A Linked List is better than an array in some aspects, let’s explore what are they:

• It’s faster to add elements at the beginning or the end of the list. It will always take O(1).
• Dynamic data size, there is no need to define the initial space as an array.
• Use the space as required since the nodes are allocated dynamically, this also means flexibility.
• Good to insert a great amount of data because when adding or removing elements there won’t be a buffer.
• Flexibility, a Linked List is used to handle data structures such as Queue, Stack, and graphs.

Cons from Linked List

• Random Access, It’s not possible to access elements by index.
• It uses more memory than an array. That’s because it’s necessary to create object references between nodes. This means that the we need to create the next object reference. For a Doubly Linked List it’s the next and previous pointers.
• Complexity, traversing in a Liked List is difficult. It’s necessary to use algorithms that require beyond trivial programming knowledge. It’s necessary to really master concepts such as pointers and object references.
• Traversing back to back requires more memory usage since the next and previous pointers will have to be pointing to objects.

Summary

The Linked List data structure is vital to be understood by a software engineer since it’s vastly used in applications and coding interviews, of course! With a Linked List we can easily organize and change directories names or move songs from a player wherever we want since data is not contiguous as an array. Therefore, it’s easier to move data around or change data in the middle.

Let’s recap the highlights of this article:

• Singly Linked List has only the next pointer. Meaning that it’s possible to only traverse forward.
• Doubly Linked List has both the next and previous pointers. Meaning that we can traverse forward and backward.
• Circular Singly Linked List has only the next pointer. But the tail (last element) has the reference from the head (first element).
• Circular Doubly Linked List has the next and previous pointers.

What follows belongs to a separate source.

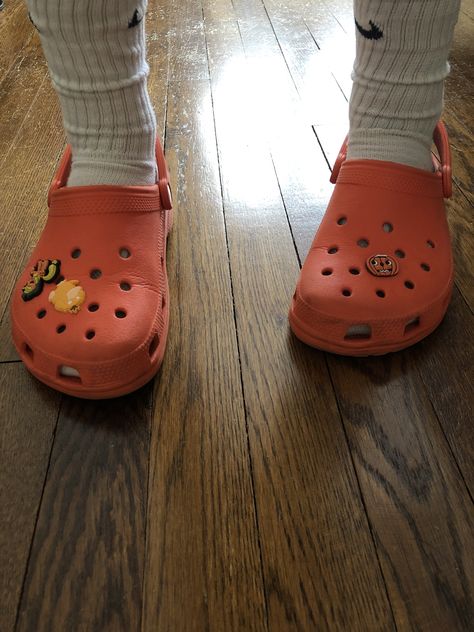 Crocs With Fur, Orange Crocs, Crocs Aesthetic, Crocs Green, Special Shoes, Crocs Fashion, Aesthetic Orange, Fashion Killa, Green And Orange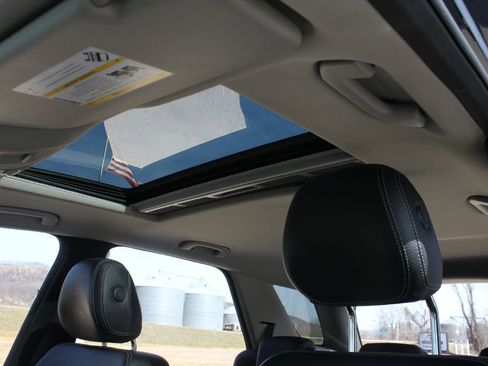 Used 2015 Mercedes-Benz ML 350 4MATIC image 46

But the tail also includes the object reference from the head (first element).
• A Node will have the next pointer for Singly Linked List or next and previous for Doubly Linked List.
• The Linked List will have the tail and the head pointers.
• Linked List can’t access elements by index because data is stored dynamically, not contiguously as an array
• Linked List is better to handle a large amount of data since it’s dynamic.
• Linked List is flexible, therefore, great to handle stack, queue, and graphs.
• Linked List will always have the time complexity of O(1) to add or delete elements.